A crowd of more than 50 quietly took to the grounds of the England Airpark Saturday, the site of one of ICE’s busiest deportation hubs, as part of a national day of action against ICE’s detention expansion.
Attendees, many clad in white and blue in a show of solidarity with detainees, stood in silence as they witnessed dozens of detainees chained together on the tarmac loading into planes headed to unknown destinations.
“When I saw those people through that chain link fence I put myself there,” said Rosilin Wilson-Scott who traveled from Shreveport for the vigil. “I’m thinking they’re wondering, ‘Where am I going? What is happening?’ They’re in jail for doing nothing other than trying to be a part of something that has been sold as being so great.”

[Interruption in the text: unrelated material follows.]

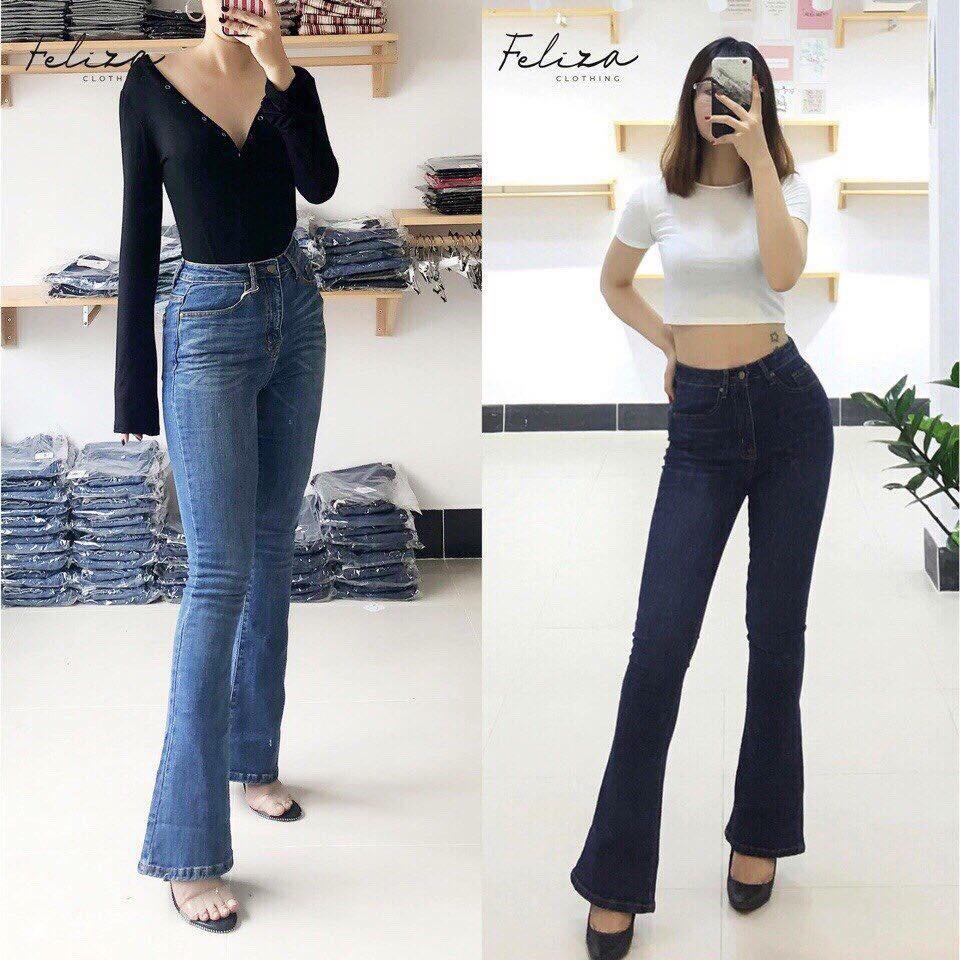 Quần jeans nữ ống loe  dài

Attendees said they gathered to express their disgust at Alexandria’s cooperation with ICE. They raised concerns about the morality of jailing women and children on grounds that have been found to be contaminated with ‘forever chemicals’.
Pastor Leigh Rachel of the Louisiana Interfaith Conference called for communities of faith to stand with immigrant communities.
“It is not humane to put families in detention centers where we have mistreatments and even deaths,” said Rachel. “I think it’s disheartening to see the increase in ICE activity that’s tearing families apart and tearing communities apart.
Martin Floyd said he showed up as a veteran who took an oath to protect the country and saw his protest of the family detention center as a part of that oath.
“These people just want a life here like we all want,” said Floyd.